About
Frank Salvato
Frank Salvato is the Executive Director and Director of
Terrorism Research for
BasicsProject.org a non-profit,
non-partisan, 501(c)(3) research and education initiative. His
writing has been recognized by the US House International
Relations Committee and the Japan Center for Conflict
Prevention. His organization partnered in producing the original
national symposium series addressing the root causes of radical
Islamist terrorism. He is a member of the
International Analyst Network. He serves as the managing editor for The New
Media Journal. Mr. Salvato has appeared on The O'Reilly Factor
on FOX News Channel and is a regular guest on talk radio
including on The Right Balance with Greg Allen on the Accent
Radio Network and on The Captain's America Radio Show catering
to the US Armed Forces around the world. His opinion-editorials
have been published by The American Enterprise Institute, The
Washington Times & Human Events and are syndicated nationally.

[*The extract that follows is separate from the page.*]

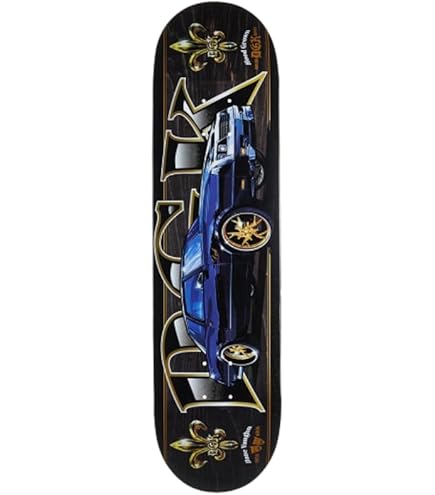 Amazon | APRIL SKATEBOARDS エイプリル スケートボード デッキ YUTO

He is occasionally quoted in The Federalist. Mr. Salvato is
available for public speaking engagements.
Frank Salvato,
Managing Editor
Giving Marriage Back to the Church November 21, 2008
Across the country the issue of “gay
marriage” is being debated, examined, voted on and legislated. Groups,
both pro and con, have taken to the streets from Massachusetts and
Connecticut to both ends of California to express their support and
opposition to legislating finality to this issue. While the answer to
this ideological impasse may indeed come from legislation, it may come
in an unexpected form and require those on both sides of the issue to
dial back on their own self-importance.
At the risk of leaving many a religious person’s mouth agape, I don’t
have a problem with people who have declared themselves homosexual.

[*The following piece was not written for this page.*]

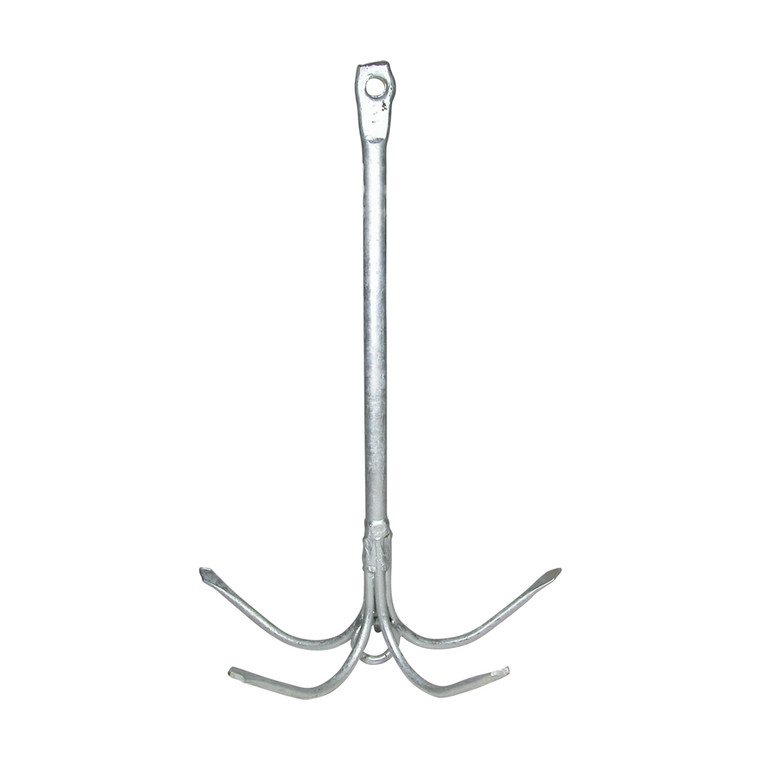 BLA Grapnel Anchor - Galvanised - 146360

Having spent many years of my young adulthood in the entertainment
industry I came to know many good, honest, hardworking, patriotic people
who had come to the conclusion that they were gay. While this is not a
lifestyle I choose to embrace for myself, because I believe in the
concepts of “liberty” and “the pursuit of happiness” I find it hard to
pass judgment on someone’s lifestyle when their actions do not affect my
liberty or pursuit of happiness.
“The legitimate powers of
government extend to such acts only as are injurious to others.”
– Thomas Jefferson
My anti-homophobe and heterosexual declarations understood, I can’t say
that I would ever be moved to limit someone’s ability to provide for
another, especially where the issue of a life’s devotion is concerned.

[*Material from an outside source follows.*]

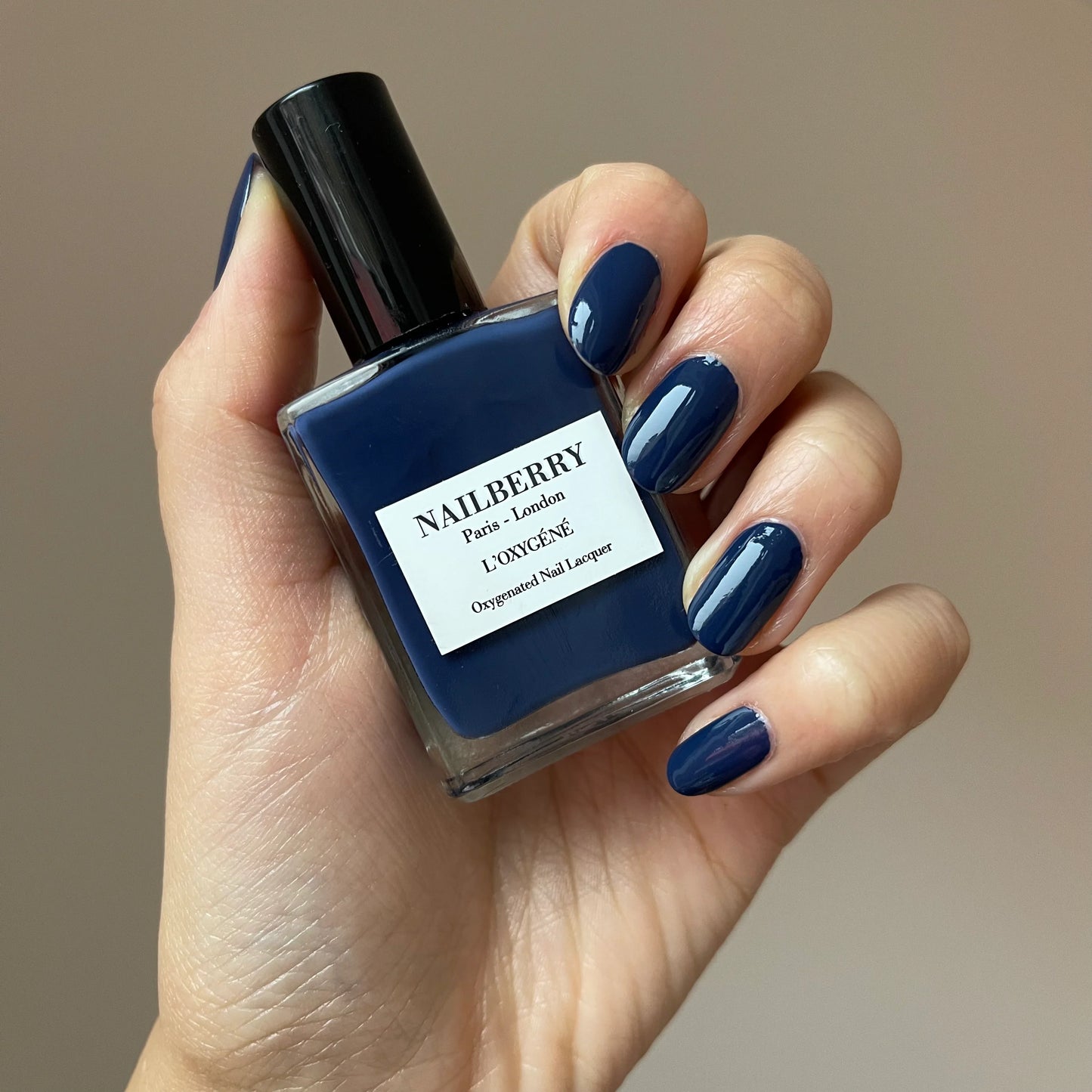 Nailberry | L'Oxygéné Number 69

As my wife and I emerged from our polling place this past November 4th,
we ran into one of our neighbors. I will call her Marilyn. Marilyn and
Diane had lived as partners for the entire time we had known them and
had, in fact, been in a monogamous relationship for a long time before
that. On this day Marilyn informed us that she and Diane were splitting
up and that she would be moving out of their house. Looking onto her
face I saw heartbreak and sadness. Not a heartbreak and sadness reserved
for someone belonging to a special interest group but the heartbreak and
sadness of a person who was witnessing the end of a relationship with
someone they once loved unconditionally. The pain was obvious and it was
genuine.
At that moment I thought to myself, “Why? Why all the disagreement, all
the vitriol, over allowing two people to officially declare that they
want to spend the rest of their lives together?”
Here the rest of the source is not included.